### TASK DETAILS:
Leaving out the pictures, copy each record below exactly.

___ RECORDS ___

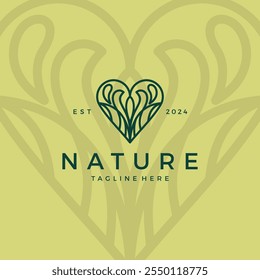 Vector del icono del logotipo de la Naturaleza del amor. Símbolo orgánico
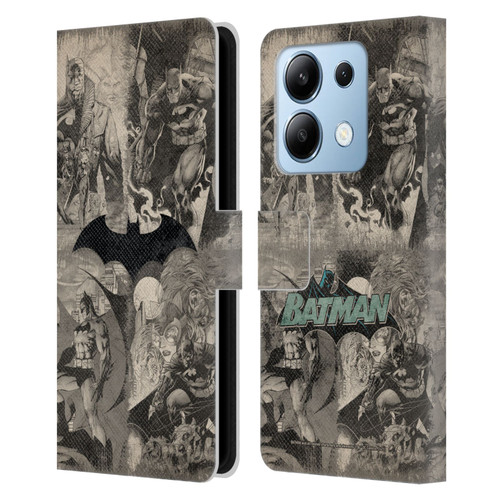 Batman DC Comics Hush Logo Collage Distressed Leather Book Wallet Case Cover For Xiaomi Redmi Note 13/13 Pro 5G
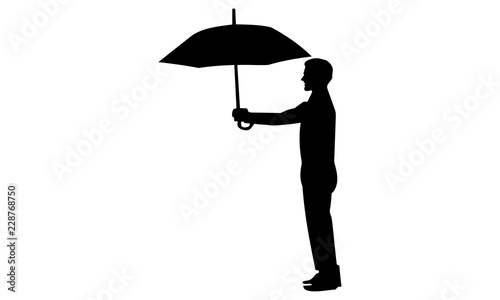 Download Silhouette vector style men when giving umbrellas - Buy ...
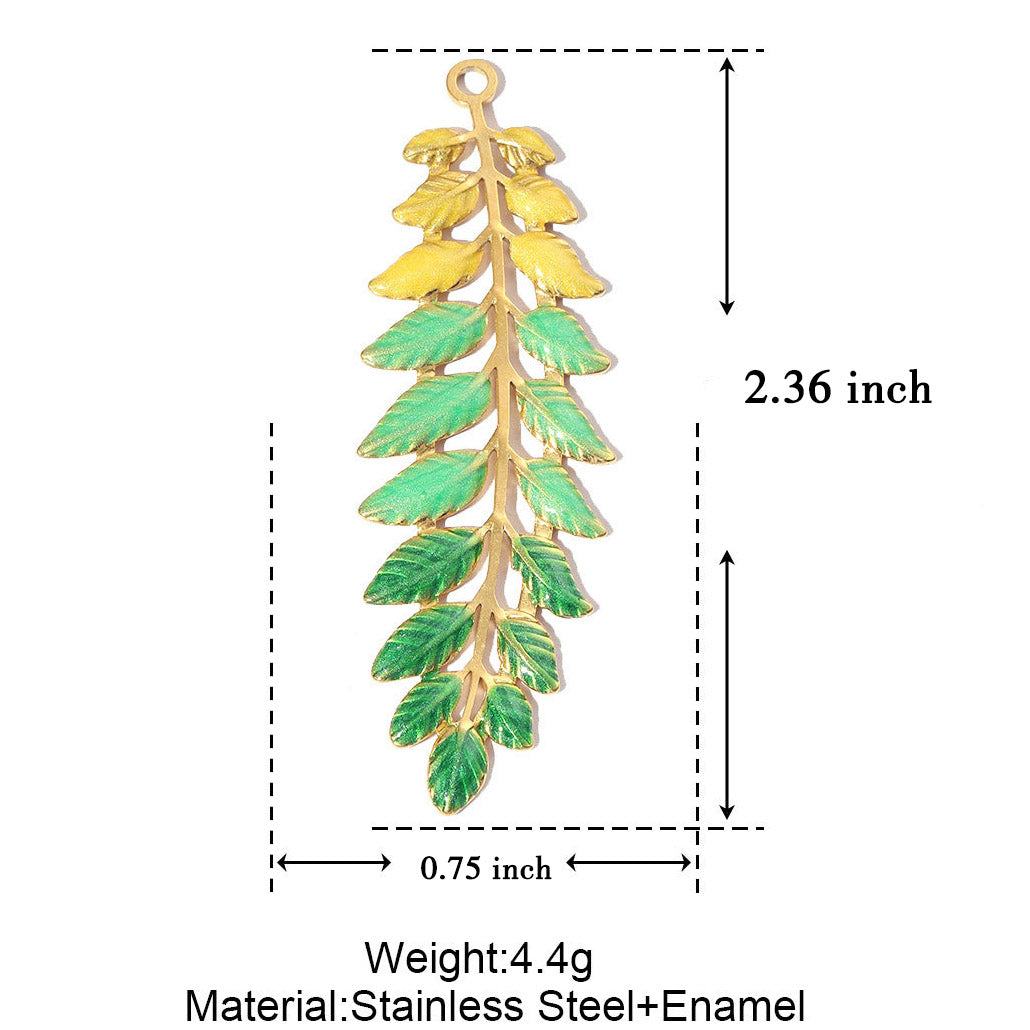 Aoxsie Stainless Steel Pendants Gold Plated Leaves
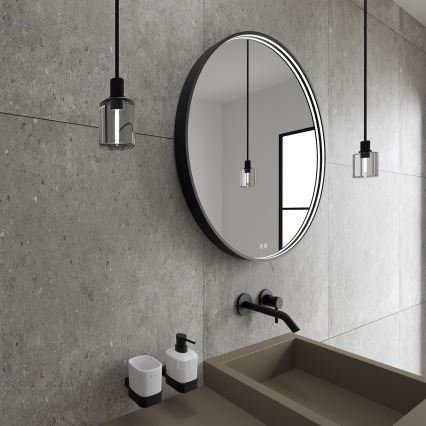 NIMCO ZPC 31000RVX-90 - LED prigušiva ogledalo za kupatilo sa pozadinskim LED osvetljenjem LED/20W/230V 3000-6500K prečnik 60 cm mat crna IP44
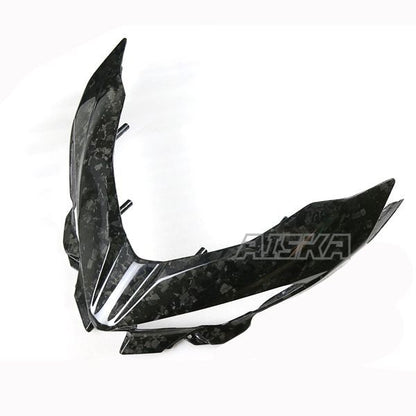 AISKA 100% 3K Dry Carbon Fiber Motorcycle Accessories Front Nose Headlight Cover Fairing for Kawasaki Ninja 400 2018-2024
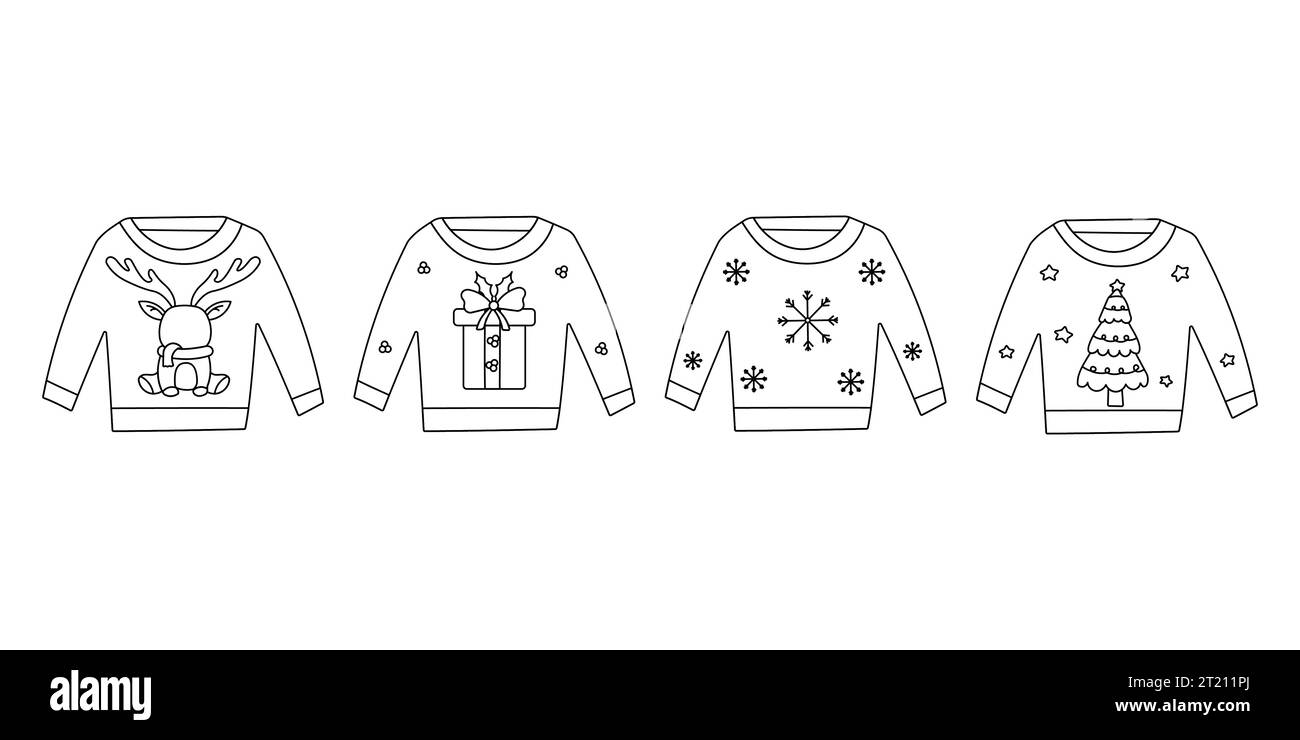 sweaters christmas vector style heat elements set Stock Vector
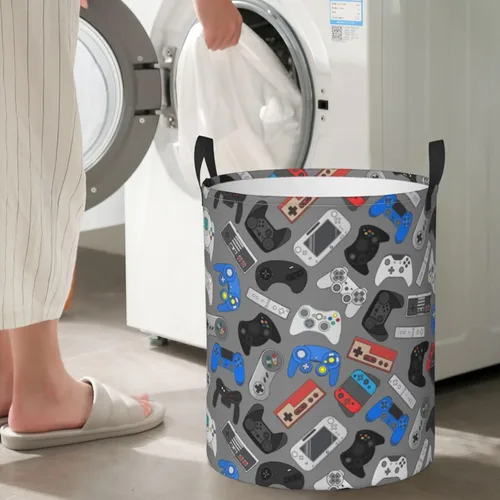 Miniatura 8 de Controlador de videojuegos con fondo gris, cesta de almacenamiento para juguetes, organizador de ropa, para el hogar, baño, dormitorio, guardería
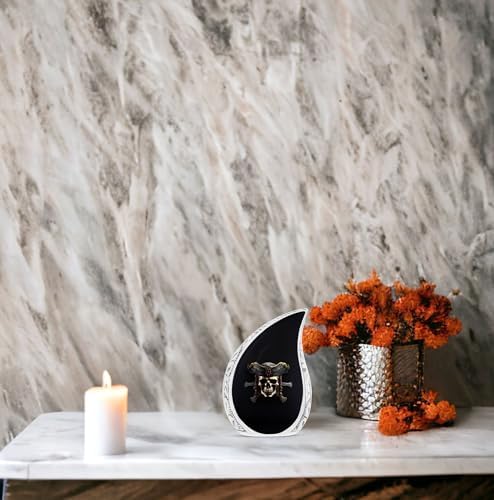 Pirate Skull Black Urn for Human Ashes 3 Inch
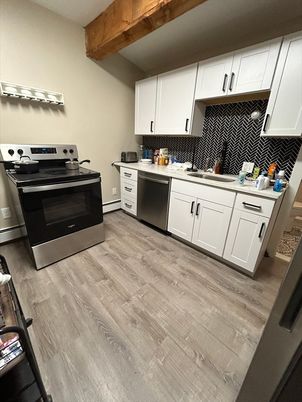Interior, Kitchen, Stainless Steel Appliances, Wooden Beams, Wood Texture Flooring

___

### ANSWER TO THIS PROBLEM:
 Vector del icono del logotipo de la Naturaleza del amor. Símbolo orgánico
 Batman DC Comics Hush Logo Collage Distressed Leather Book Wallet Case Cover For Xiaomi Redmi Note 13/13 Pro 5G
 Download Silhouette vector style men when giving umbrellas - Buy ...
 Aoxsie Stainless Steel Pendants Gold Plated Leaves
 NIMCO ZPC 31000RVX-90 - LED prigušiva ogledalo za kupatilo sa pozadinskim LED osvetljenjem LED/20W/230V 3000-6500K prečnik 60 cm mat crna IP44
 AISKA 100% 3K Dry Carbon Fiber Motorcycle Accessories Front Nose Headlight Cover Fairing for Kawasaki Ninja 400 2018-2024
 sweaters christmas vector style heat elements set Stock Vector
 Miniatura 8 de Controlador de videojuegos con fondo gris, cesta de almacenamiento para juguetes, organizador de ropa, para el hogar, baño, dormitorio, guardería
 Pirate Skull Black Urn for Human Ashes 3 Inch
Interior, Kitchen, Stainless Steel Appliances, Wooden Beams, Wood Texture Flooring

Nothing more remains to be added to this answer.